Do Your Homework
If you have an interview lined up, make sure you know what the company does and understand their industry. More importantly, know the position well and, if you can, find out who will be conducting the interview. It’s much easier to prepare when you know the background of the person asking the questions.
The number one thing people need to do in interviews – whether it’s in-person or on the phone – is speak slowly! Don’t ramble. It’s okay to say, “I don’t know.” I would much rather hear that than filler words.
Think With Your Head
In the toughest interviews, I’ve witnessed people crumble under the pressure of ‘stumper’ question right off the bat. It doesn’t take long to realize when someone is in over their head. Really, though, these questions are just trying to let an interviewer see how you think and problem solve. It could be something as bizarre and basic as, “How do you build a sandwich?” –the point is to show your logical thought process.
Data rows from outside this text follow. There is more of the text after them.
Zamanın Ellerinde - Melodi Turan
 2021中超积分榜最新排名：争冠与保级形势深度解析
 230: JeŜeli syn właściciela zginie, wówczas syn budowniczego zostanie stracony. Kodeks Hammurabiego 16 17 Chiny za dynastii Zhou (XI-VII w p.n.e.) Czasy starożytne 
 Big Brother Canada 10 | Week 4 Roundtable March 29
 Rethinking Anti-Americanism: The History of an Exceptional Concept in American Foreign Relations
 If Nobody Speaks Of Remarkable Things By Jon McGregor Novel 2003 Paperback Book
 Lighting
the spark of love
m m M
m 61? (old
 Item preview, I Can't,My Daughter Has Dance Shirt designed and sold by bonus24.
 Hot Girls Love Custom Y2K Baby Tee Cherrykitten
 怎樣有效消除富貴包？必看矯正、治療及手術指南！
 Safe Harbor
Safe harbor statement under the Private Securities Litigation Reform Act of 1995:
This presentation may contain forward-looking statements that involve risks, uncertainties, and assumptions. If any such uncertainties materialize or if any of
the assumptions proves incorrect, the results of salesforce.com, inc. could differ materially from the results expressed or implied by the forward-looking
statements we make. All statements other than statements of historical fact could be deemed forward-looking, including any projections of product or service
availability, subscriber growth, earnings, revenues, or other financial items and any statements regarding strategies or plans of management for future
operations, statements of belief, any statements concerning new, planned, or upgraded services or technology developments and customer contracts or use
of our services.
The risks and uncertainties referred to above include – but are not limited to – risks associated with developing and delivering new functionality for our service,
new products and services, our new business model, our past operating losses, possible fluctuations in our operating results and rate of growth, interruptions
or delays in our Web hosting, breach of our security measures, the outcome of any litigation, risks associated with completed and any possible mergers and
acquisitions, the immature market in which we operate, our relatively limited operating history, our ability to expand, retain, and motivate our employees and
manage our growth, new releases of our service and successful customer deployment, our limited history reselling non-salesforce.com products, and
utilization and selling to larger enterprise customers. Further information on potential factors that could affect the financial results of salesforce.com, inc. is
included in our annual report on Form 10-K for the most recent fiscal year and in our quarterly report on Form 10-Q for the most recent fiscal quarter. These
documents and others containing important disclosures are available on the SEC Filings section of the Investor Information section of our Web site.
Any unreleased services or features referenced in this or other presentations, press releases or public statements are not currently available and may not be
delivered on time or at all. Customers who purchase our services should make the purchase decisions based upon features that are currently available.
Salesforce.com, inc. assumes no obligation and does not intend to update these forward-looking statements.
Overinflating: Bad for Balloons, Bad for Interviews
Inflating your skills in an interview is never a good idea. Worst case scenario – you’re exposed and don’t get the job. Best case scenario – you fake it through the interview and end up getting the position…only to fail miserably when you land on the job. Neither option is great. Plus, the interviewer can almost always tell, anyway.
Don’t Do Anything Drastic
Any drastic changes from the first interview to the final interview are an immediate red flag for me. For example, one of my candidates asked for a 5% salary raise and an additional 2 weeks of vacation in their last interview. The final interview isn’t the place for those kinds of negotiations. Be up front when working with a recruiter, otherwise your original offer might be redacted.
Clinch the Job
The best advice I have for the end of an interview is to ask, “Are there any reasons why you think I wouldn’t be a good fit?” Taking this approach helps you see where you stand and gives you a chance to overcome any objections.